> **Task description**
Copy out exactly the lines spanning the line with "Hurst White Shift" to the line with "Antique style ceramic", inclusive, from the data underneath, with no pictures.

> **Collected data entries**
.....

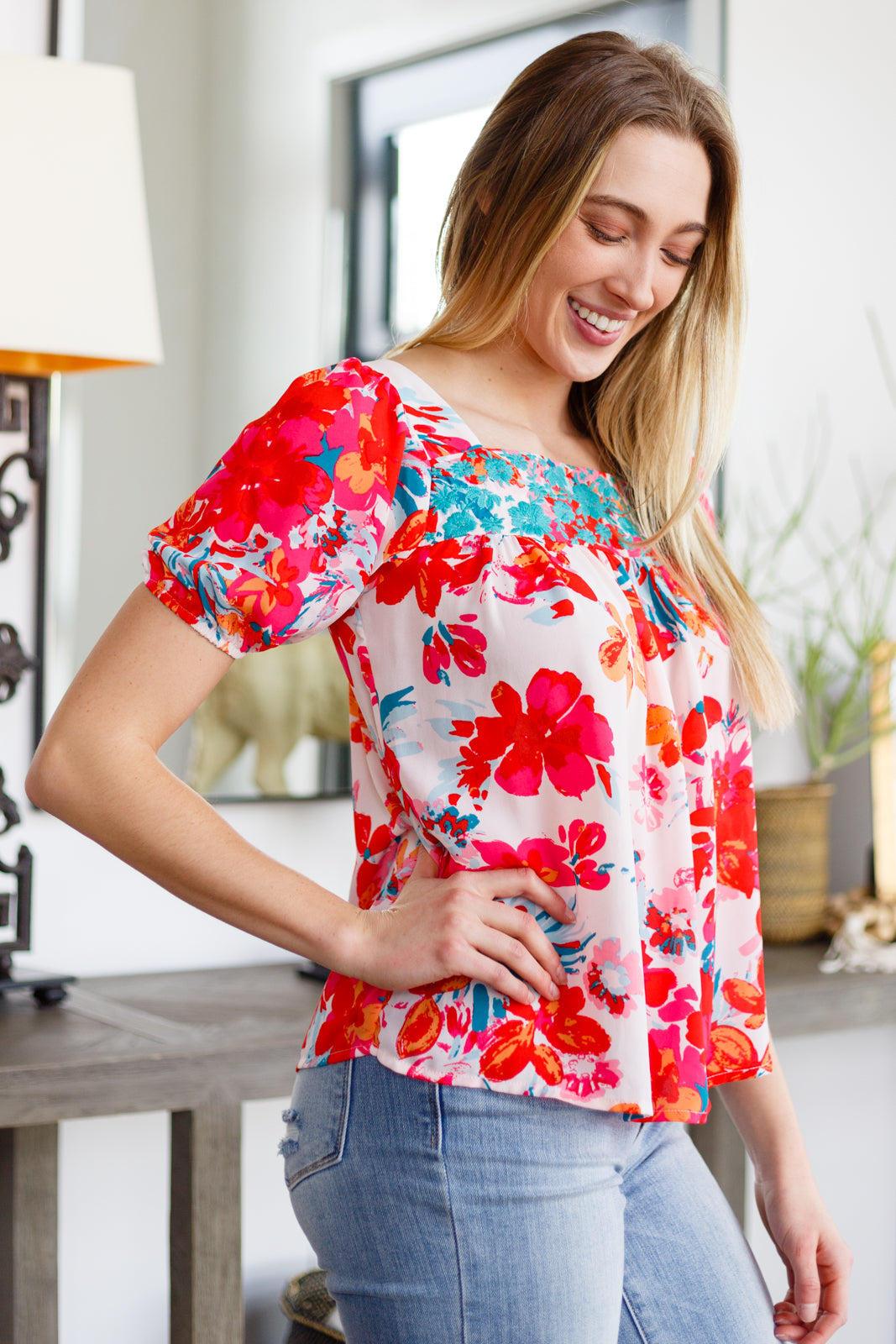 Georgia Floral Puff Sleeve Blouse S Red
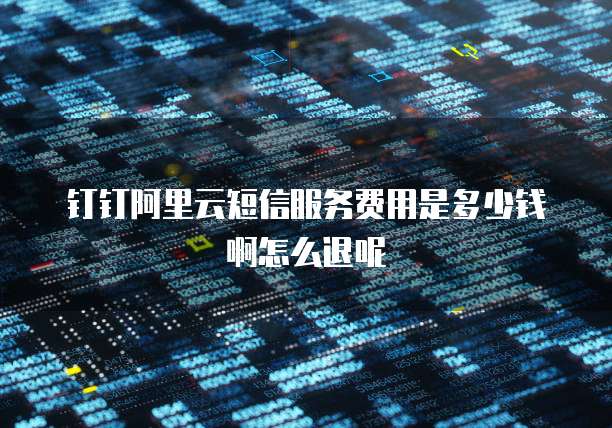钉钉阿里云短信服务费用是多少钱啊怎么退呢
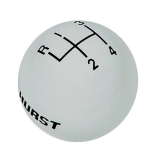 Hurst White Shift Knob, 4 Speed, 3&8-16 Threads Image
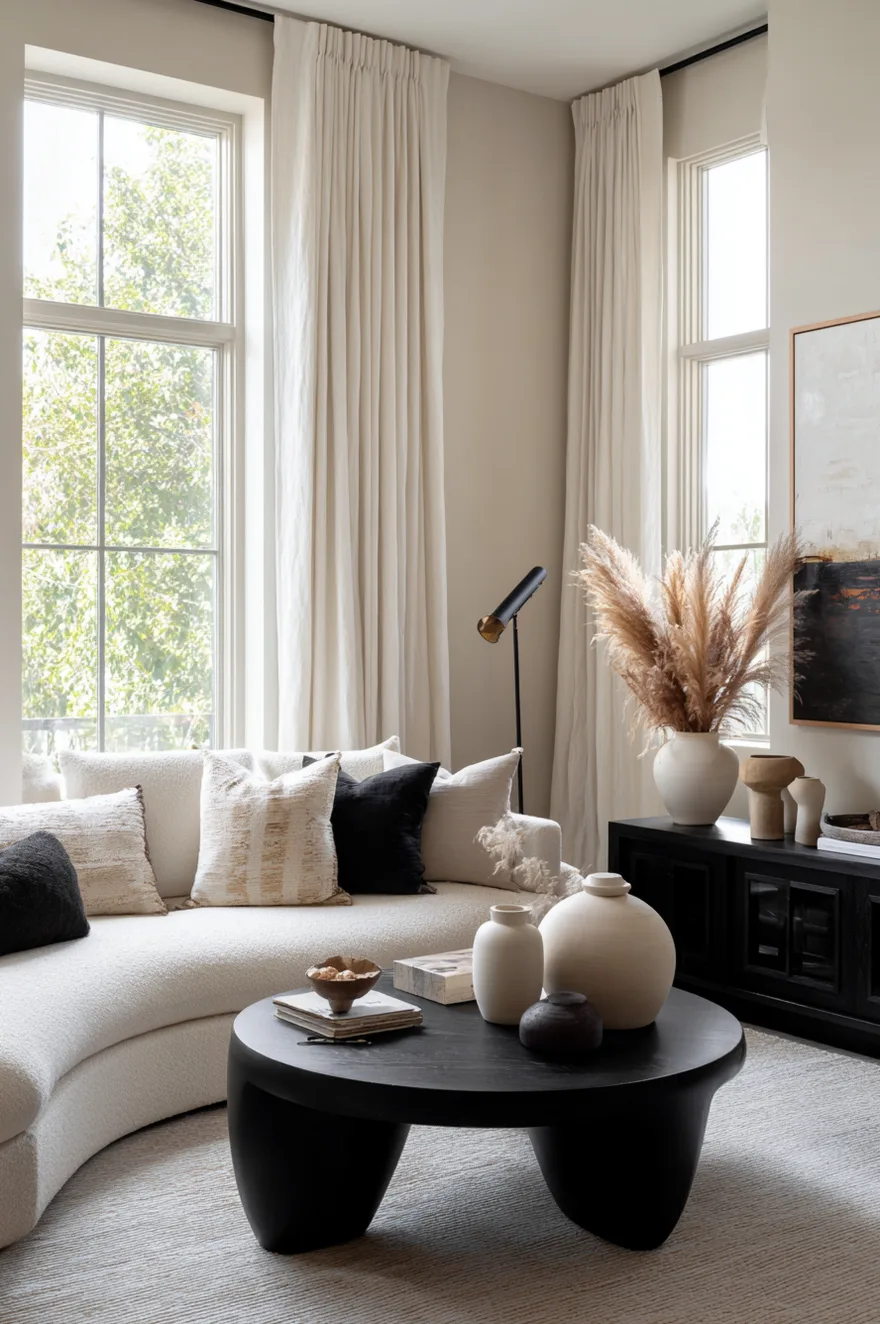 A sleek living room featuring a curved black sculptural coffee table sitting on a textured beige rug in front of a light cream sofa against beige walls.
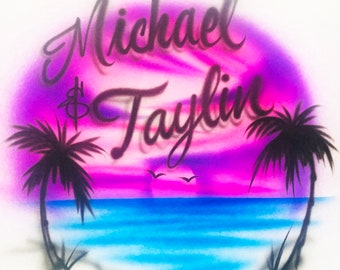 Beach Scene for couples with Custom Names for Adult/Child Airbrush T-shirt/Hoodie/Pillowcase/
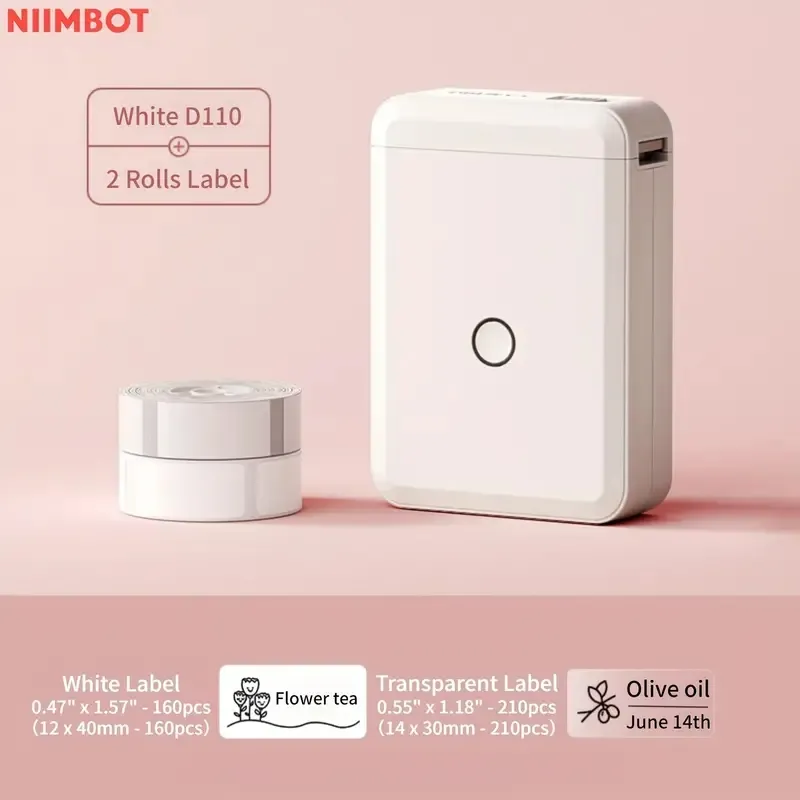 Draagbare Mini Bluetooth Thermische Labelprinter - Niimbot D110 - Set van 2 Rollen - Verhoog de efficiëntie Nauwkeurigheid!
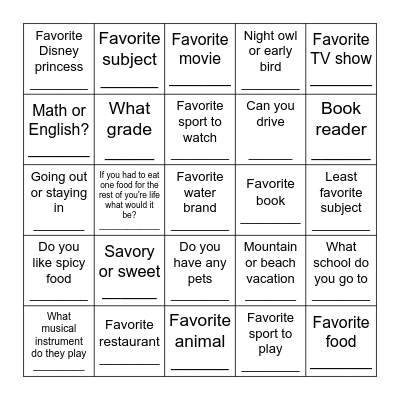 Girls of Steel Orientation: Get to know people! Bingo Card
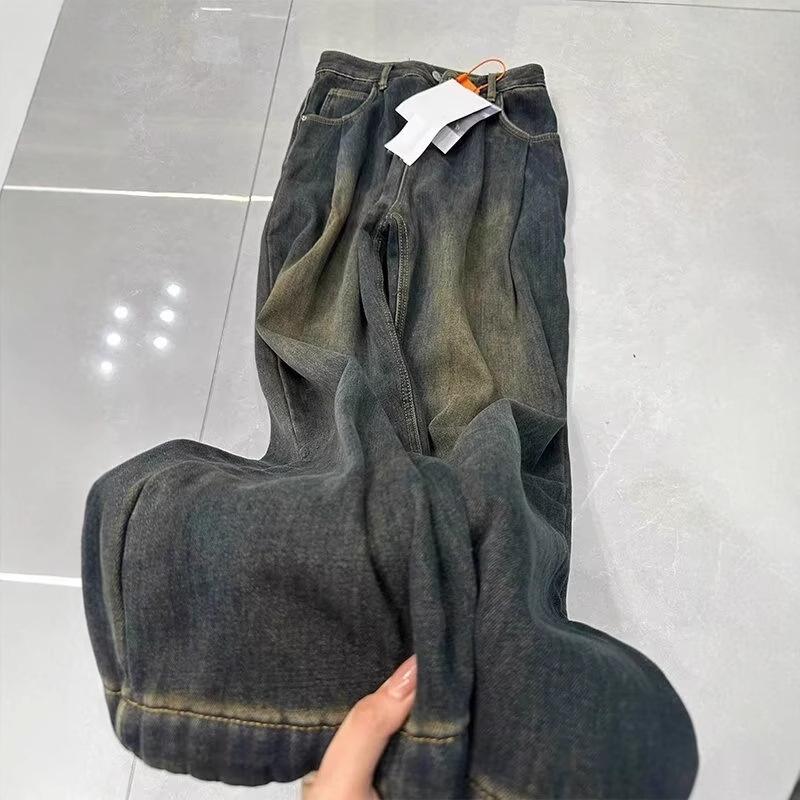 Women's High-Waist Straight-Leg Jeans for Spring/Winter 2024 – Loose, Slim Fit, Wide Leg Mopping Style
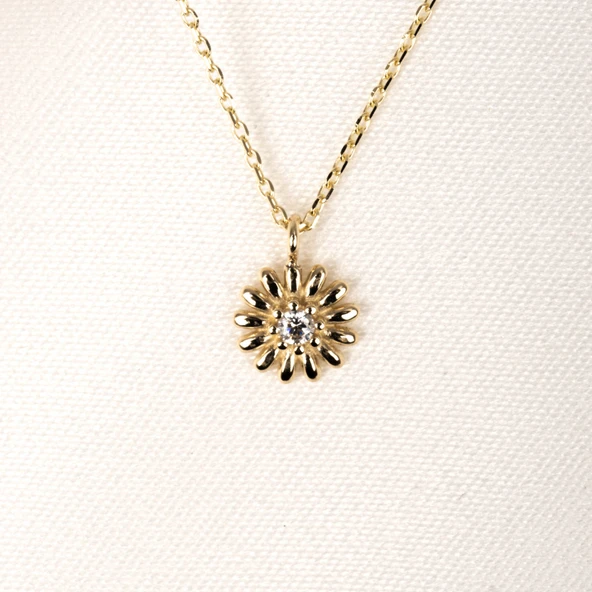 Gümüş Kolye - Zirkon Taşlı Tasarım 925 Ayar Gümüş Kolye - 5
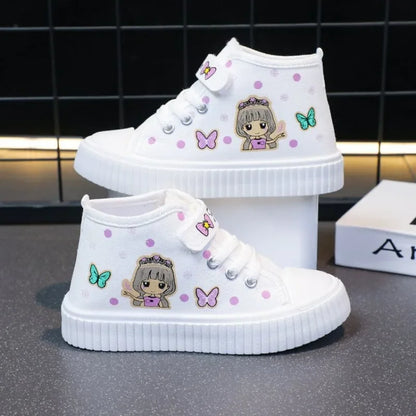 Multi Colored Kids Casual Shoes Cartoon Mid Top Anti Slip Spring Autumn Outdoor Kids Canvas Shoe Sizes 26-37 Sandalias De Mujer.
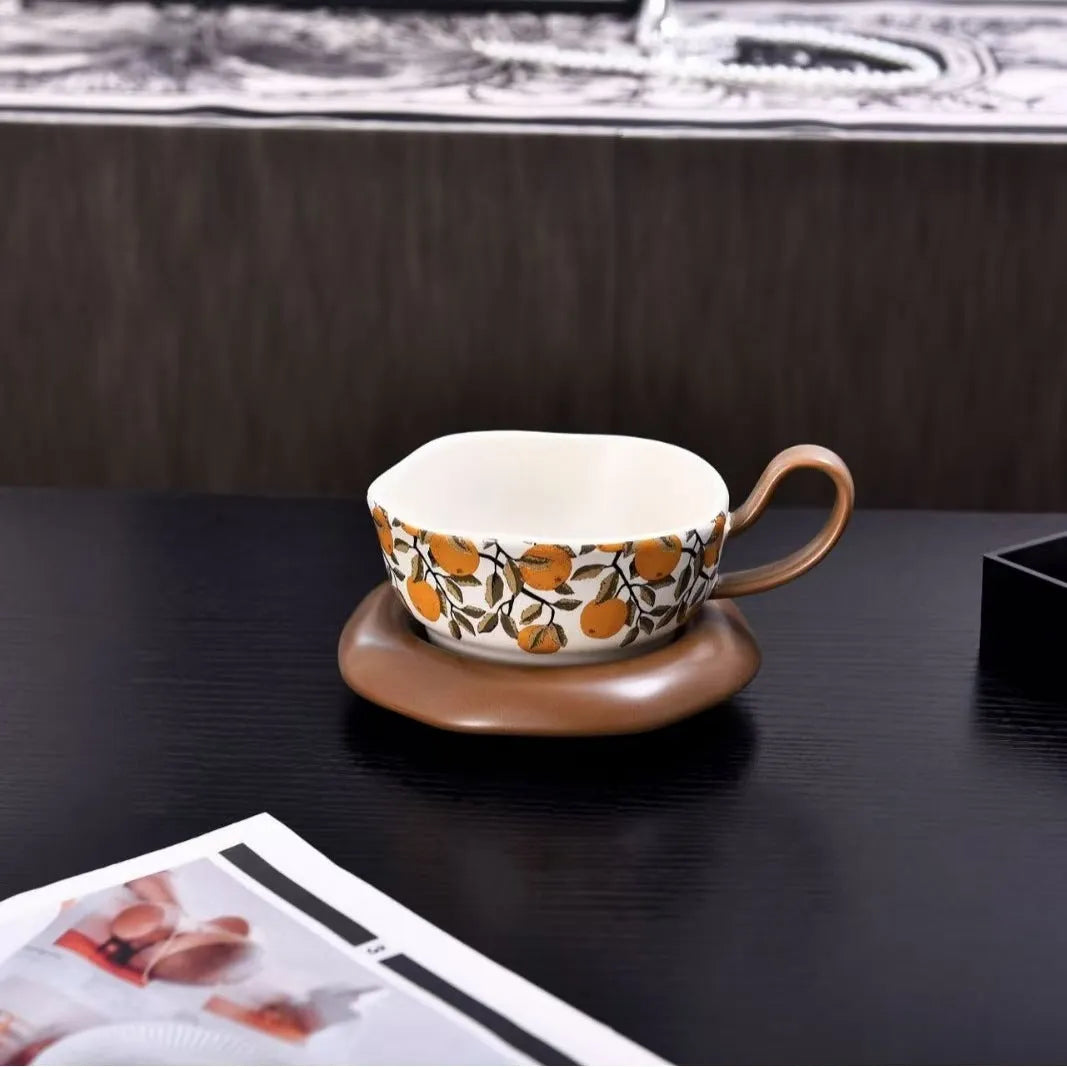 Antique style ceramic coffee cup and saucer set in black or orange colour with 210ml capacity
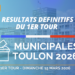 Tableau des résultats du premier tour des Municipales 2026 Toulon montrant les scores des candidats.
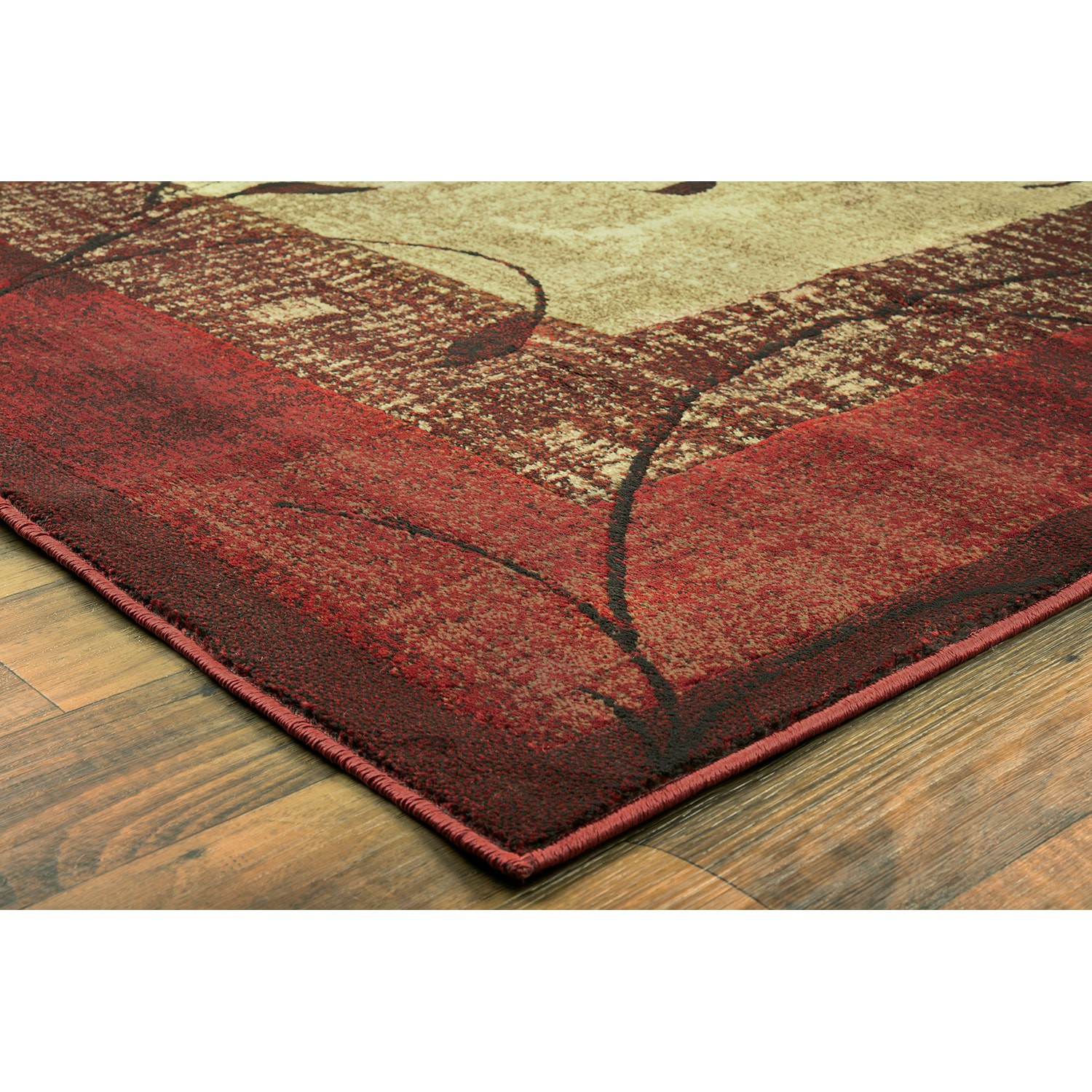 slide 4 of 6, allen + roth Tinsley Red 2 x 3 (ft) Loomed Red Rectangular Indoor Border Farmhouse/Cottage Pet Friendly Throw rug, 1 ct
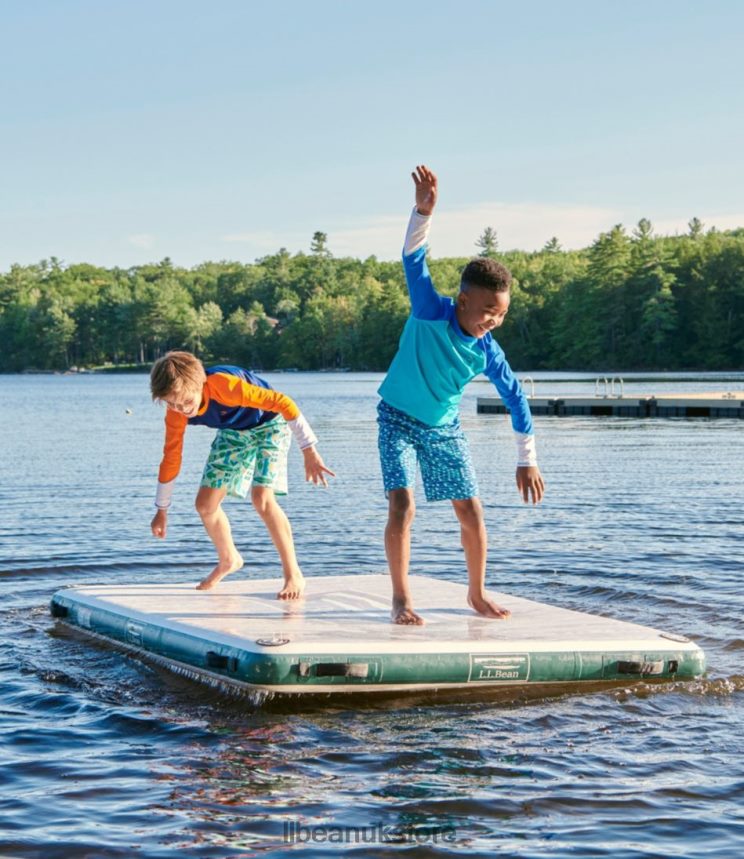 Games & Recreation L.L.Bean Inflatable Swim Dock Gray Pebble/Spruce Unisex 0VRR661262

.....

> **Result of this exercise**
 Hurst White Shift Knob, 4 Speed, 3&8-16 Threads Image
 A sleek living room featuring a curved black sculptural coffee table sitting on a textured beige rug in front of a light cream sofa against beige walls.
 Beach Scene for couples with Custom Names for Adult/Child Airbrush T-shirt/Hoodie/Pillowcase/
 Draagbare Mini Bluetooth Thermische Labelprinter - Niimbot D110 - Set van 2 Rollen - Verhoog de efficiëntie Nauwkeurigheid!
 Girls of Steel Orientation: Get to know people! Bingo Card
 Women's High-Waist Straight-Leg Jeans for Spring/Winter 2024 – Loose, Slim Fit, Wide Leg Mopping Style
 Gümüş Kolye - Zirkon Taşlı Tasarım 925 Ayar Gümüş Kolye - 5
 Multi Colored Kids Casual Shoes Cartoon Mid Top Anti Slip Spring Autumn Outdoor Kids Canvas Shoe Sizes 26-37 Sandalias De Mujer.
 Antique style ceramic coffee cup and saucer set in black or orange colour with 210ml capacity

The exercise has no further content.